**YOUR ASSIGNMENT**
Only the lines from the one containing "Isuzu D-Max 250" to the end of the data below belong in the answer, each repeated exactly; no pictures.

+--

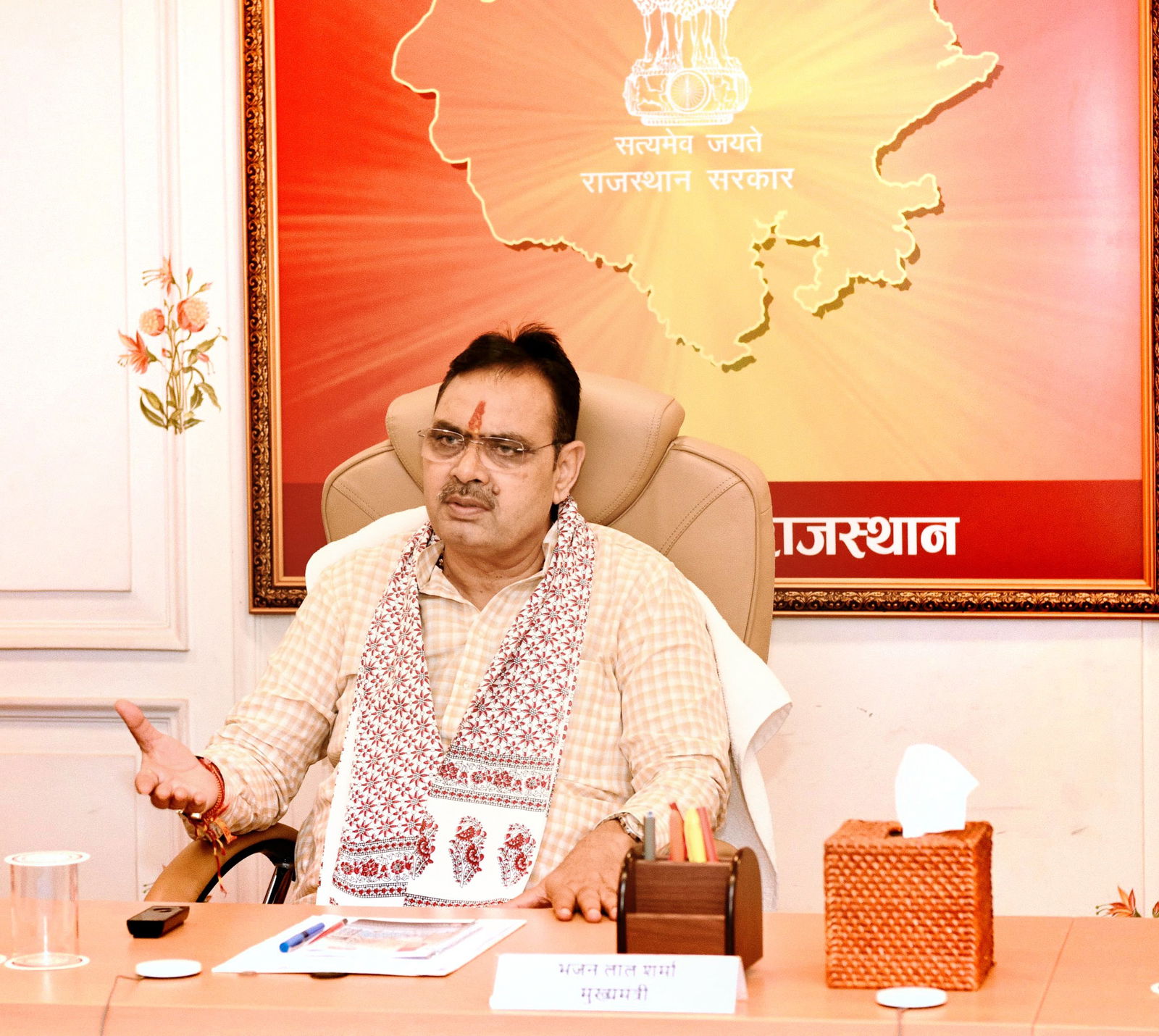 राजस्थान में बड़ा बदलाव संभव: पंचायत-निकाय चुनावों में दो संतान की शर्त हटाने पर सरकार गंभीर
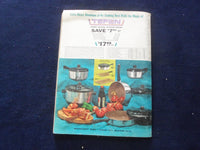 1965 WINTER MONTGOMERY WARD CATALOG - KANSAS CITY, MISSOURI - J 8475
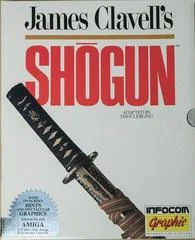 Carátula de James Clavell's Shōgun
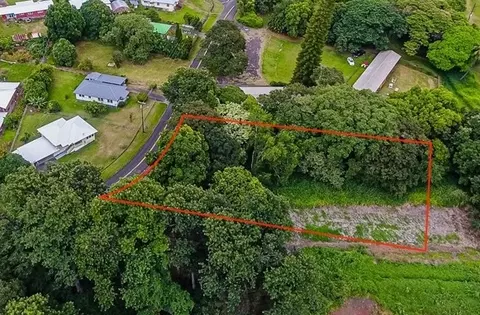 96-1243 Huapala St, Pahala, HI 96777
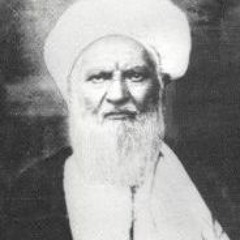 الشيخ عبدالكريم الحائري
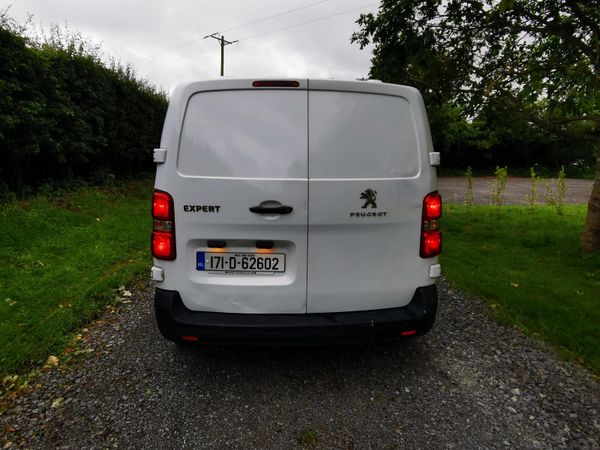 Peugeot Expert 2017 307479032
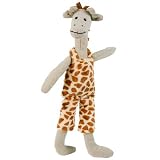Linen Leggy Giraffe DC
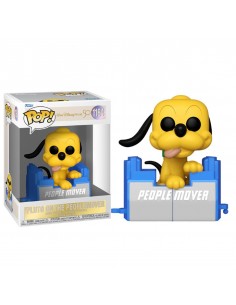 Funko pop disney walt...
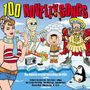 : 100 Novelty Songs, CD,CD,CD,CD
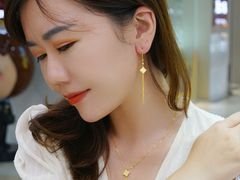 -六福珠寶(陈村顺联广场店)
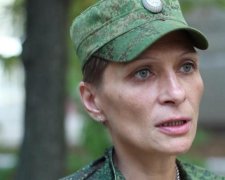 Російська найманка похвалилась злочинами на Донбасі: відео
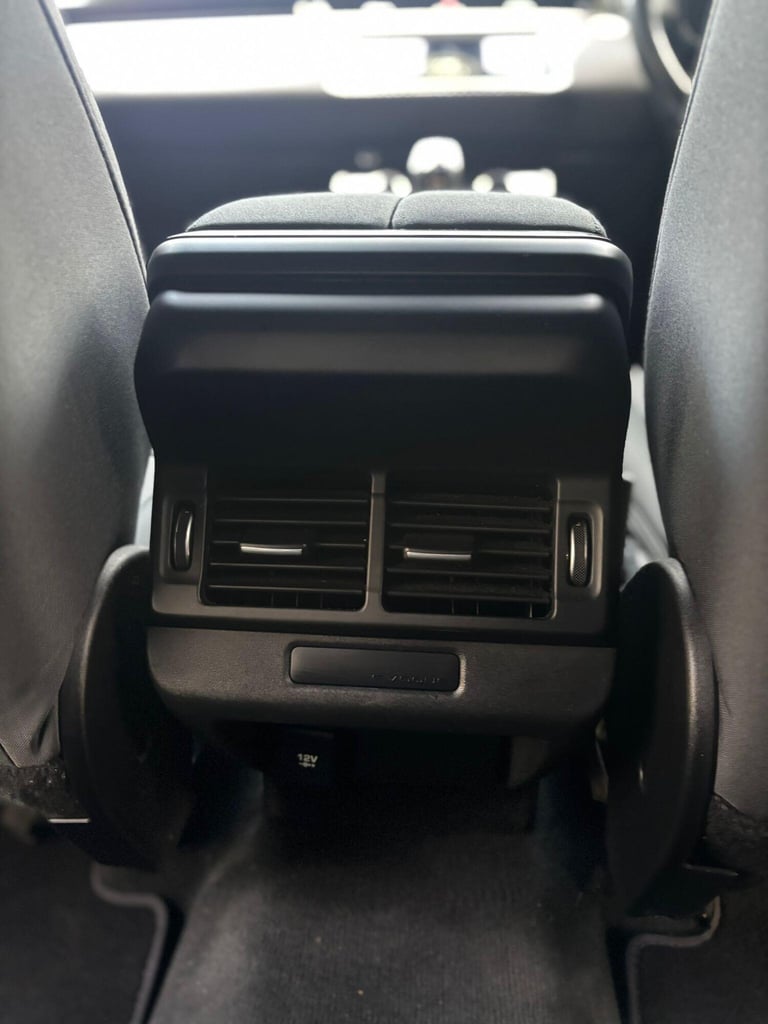 2020 Land Rover Range Rover Evoque 2.0 D150 MHEV R-Dynamic Auto 4WD Euro 6 (s/s) 5dr ESTATE Diese...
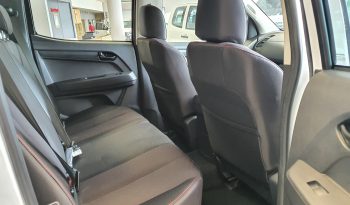 Isuzu D-Max 250 HO HI-RIDER D/C P/U 2020 full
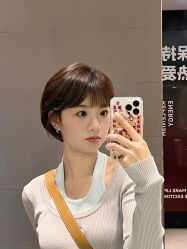 -DX HAIR SALON·发现未知美发沙龙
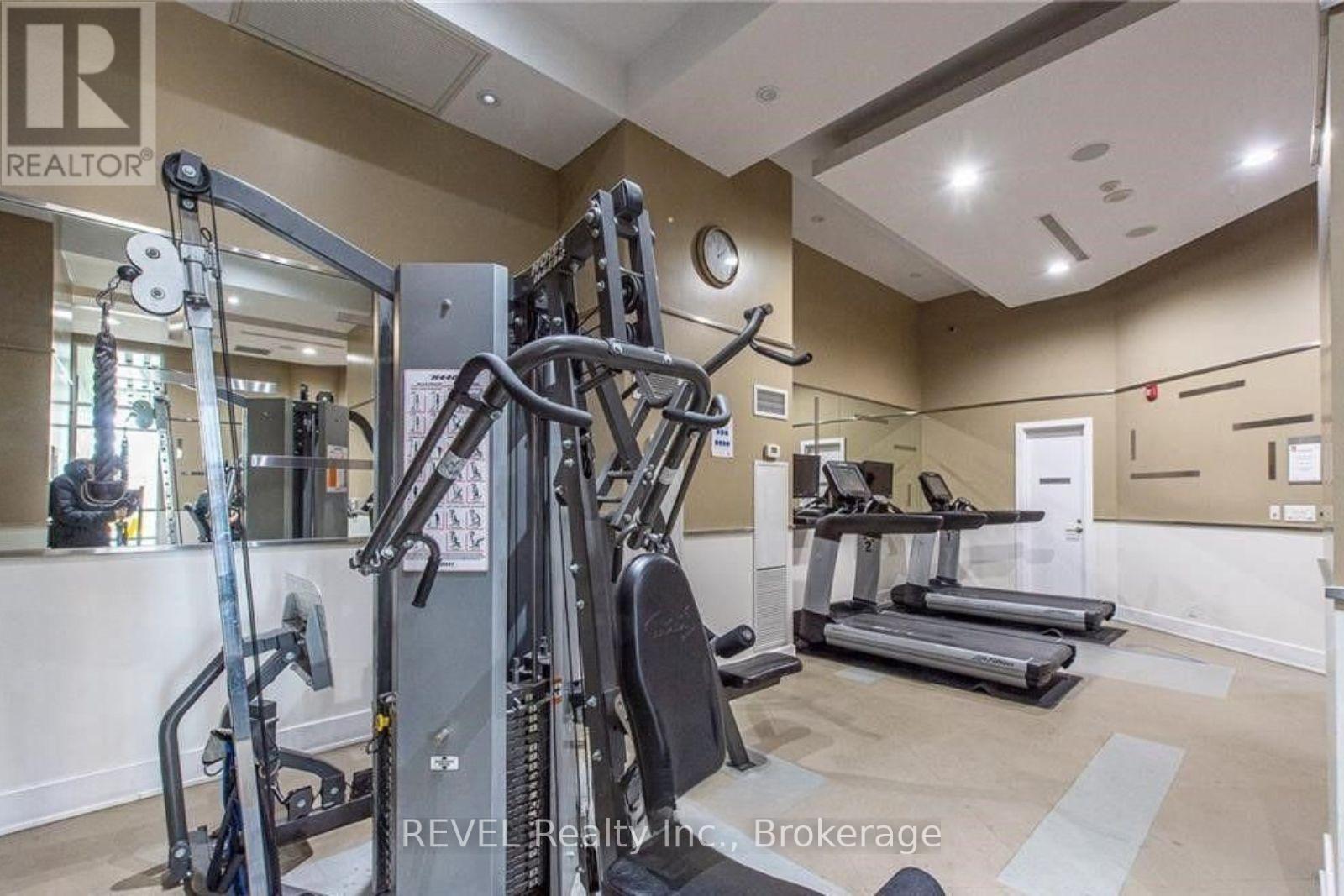 2609 - 330 Burnhamthorpe Road W, Mississauga (City Centre), Ontario  L5B 3Y5 - Photo 12 - W13769816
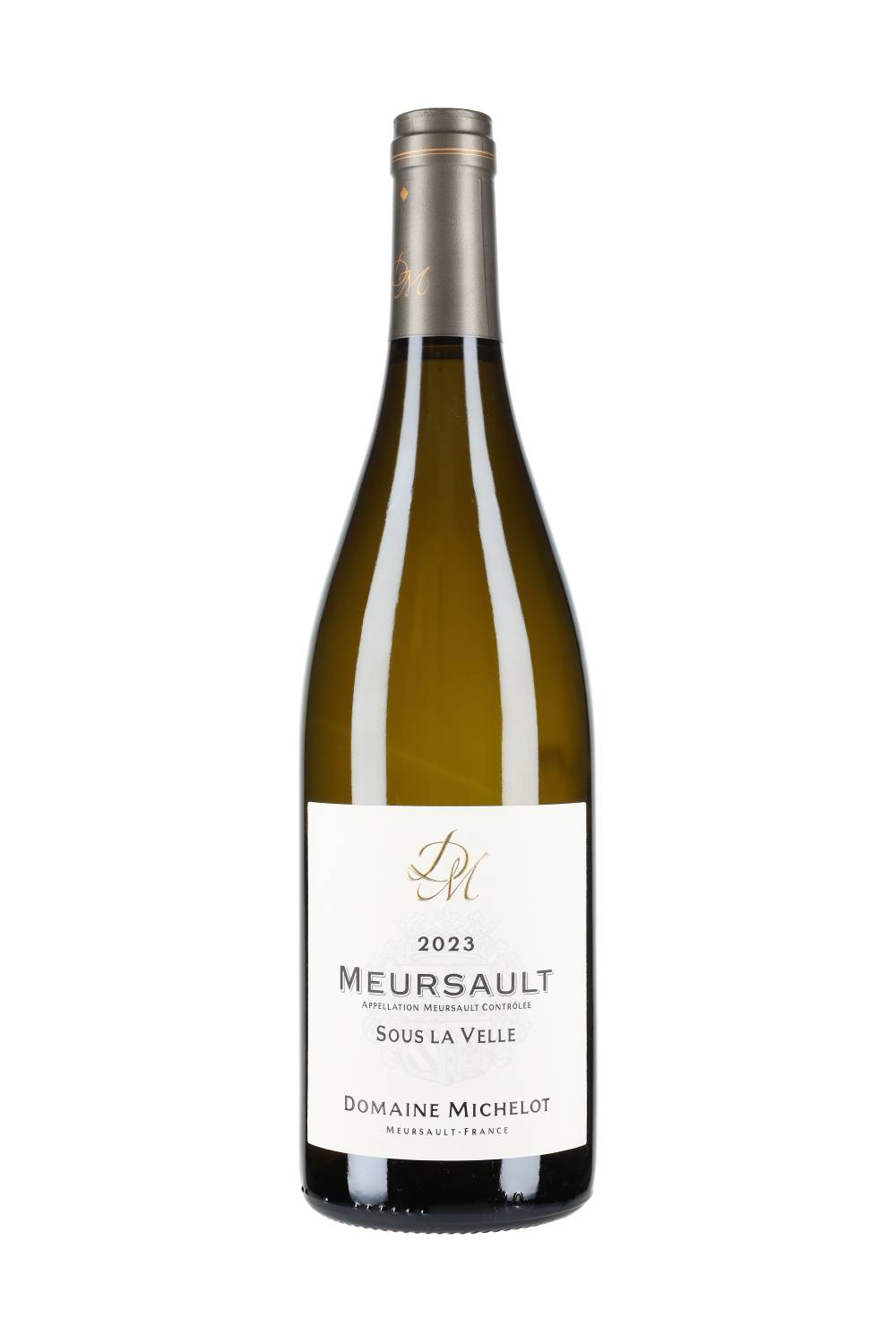 Domaine Michelot Meursault Sous la Velle 2023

+--

**EXPECTED ANSWER**
 Isuzu D-Max 250 HO HI-RIDER D/C P/U 2020 full
 -DX HAIR SALON·发现未知美发沙龙
 2609 - 330 Burnhamthorpe Road W, Mississauga (City Centre), Ontario  L5B 3Y5 - Photo 12 - W13769816
 Domaine Michelot Meursault Sous la Velle 2023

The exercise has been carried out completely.